* TASK DIRECTIONS *
Working from the records below, repeat exactly the lines starting at the line that contains "Vận hành thử" and ending at the line that contains "THE NORTH FACE グレー フード付きパーカー", inclusive.

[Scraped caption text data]
>>>>

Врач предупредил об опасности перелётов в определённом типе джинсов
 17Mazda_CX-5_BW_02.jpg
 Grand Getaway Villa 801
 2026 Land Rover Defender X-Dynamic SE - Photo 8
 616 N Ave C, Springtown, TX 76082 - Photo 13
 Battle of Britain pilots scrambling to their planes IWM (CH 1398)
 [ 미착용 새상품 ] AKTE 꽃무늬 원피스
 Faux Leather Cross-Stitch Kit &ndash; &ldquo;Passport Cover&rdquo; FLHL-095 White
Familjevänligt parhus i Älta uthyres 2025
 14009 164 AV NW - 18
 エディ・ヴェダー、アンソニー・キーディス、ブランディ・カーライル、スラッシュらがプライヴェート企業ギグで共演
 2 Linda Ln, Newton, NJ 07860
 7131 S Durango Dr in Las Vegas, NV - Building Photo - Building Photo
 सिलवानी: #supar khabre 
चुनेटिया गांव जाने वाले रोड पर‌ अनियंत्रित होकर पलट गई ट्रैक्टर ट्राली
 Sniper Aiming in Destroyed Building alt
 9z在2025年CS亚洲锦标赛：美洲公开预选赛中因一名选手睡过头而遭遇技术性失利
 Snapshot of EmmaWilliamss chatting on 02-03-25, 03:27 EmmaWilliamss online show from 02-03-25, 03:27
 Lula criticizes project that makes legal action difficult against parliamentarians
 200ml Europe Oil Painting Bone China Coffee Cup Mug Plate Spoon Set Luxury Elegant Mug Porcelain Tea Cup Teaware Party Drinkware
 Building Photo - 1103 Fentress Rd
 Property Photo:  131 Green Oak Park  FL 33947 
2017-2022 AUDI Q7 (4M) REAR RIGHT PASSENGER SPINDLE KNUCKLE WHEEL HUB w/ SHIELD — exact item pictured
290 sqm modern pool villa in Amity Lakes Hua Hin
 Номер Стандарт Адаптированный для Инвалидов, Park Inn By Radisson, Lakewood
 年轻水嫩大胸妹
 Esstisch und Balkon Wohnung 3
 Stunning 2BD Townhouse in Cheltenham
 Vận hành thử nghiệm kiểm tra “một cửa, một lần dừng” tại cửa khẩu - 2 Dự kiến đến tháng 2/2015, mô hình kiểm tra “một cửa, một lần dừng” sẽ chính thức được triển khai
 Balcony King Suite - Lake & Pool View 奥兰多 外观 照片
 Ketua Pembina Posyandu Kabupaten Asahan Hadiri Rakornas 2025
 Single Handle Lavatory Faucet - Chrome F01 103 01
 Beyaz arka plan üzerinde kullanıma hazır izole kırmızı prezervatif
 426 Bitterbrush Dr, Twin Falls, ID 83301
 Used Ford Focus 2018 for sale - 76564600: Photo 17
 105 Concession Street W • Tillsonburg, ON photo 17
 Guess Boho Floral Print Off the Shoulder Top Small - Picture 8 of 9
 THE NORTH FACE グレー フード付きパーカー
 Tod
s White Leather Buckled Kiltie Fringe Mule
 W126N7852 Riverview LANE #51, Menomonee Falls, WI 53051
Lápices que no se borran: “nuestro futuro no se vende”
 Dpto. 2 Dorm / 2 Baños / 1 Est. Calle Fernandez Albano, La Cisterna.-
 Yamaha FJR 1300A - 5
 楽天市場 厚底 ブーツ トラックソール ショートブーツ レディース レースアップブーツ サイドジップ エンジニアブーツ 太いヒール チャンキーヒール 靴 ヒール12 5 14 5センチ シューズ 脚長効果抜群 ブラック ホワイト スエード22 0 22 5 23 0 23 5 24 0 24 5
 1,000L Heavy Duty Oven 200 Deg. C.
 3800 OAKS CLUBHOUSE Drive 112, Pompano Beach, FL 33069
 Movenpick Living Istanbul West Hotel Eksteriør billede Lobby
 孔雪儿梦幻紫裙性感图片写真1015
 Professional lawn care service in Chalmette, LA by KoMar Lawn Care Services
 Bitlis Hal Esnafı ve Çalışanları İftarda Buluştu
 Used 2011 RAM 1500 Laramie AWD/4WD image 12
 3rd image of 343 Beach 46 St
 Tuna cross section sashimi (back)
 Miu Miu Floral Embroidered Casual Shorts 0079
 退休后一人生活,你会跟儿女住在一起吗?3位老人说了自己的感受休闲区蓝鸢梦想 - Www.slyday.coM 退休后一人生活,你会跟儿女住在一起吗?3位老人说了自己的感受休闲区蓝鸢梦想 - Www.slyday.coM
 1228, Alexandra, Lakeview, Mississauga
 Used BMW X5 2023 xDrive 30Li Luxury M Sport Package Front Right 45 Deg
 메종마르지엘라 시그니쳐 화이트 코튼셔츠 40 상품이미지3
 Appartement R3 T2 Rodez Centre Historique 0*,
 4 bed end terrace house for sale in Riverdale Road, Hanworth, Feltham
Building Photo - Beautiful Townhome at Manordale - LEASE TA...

<<<<

* RESULT *
 Vận hành thử nghiệm kiểm tra “một cửa, một lần dừng” tại cửa khẩu - 2 Dự kiến đến tháng 2/2015, mô hình kiểm tra “một cửa, một lần dừng” sẽ chính thức được triển khai
 Balcony King Suite - Lake & Pool View 奥兰多 外观 照片
 Ketua Pembina Posyandu Kabupaten Asahan Hadiri Rakornas 2025
 Single Handle Lavatory Faucet - Chrome F01 103 01
 Beyaz arka plan üzerinde kullanıma hazır izole kırmızı prezervatif
 426 Bitterbrush Dr, Twin Falls, ID 83301
 Used Ford Focus 2018 for sale - 76564600: Photo 17
 105 Concession Street W • Tillsonburg, ON photo 17
 Guess Boho Floral Print Off the Shoulder Top Small - Picture 8 of 9
 THE NORTH FACE グレー フード付きパーカー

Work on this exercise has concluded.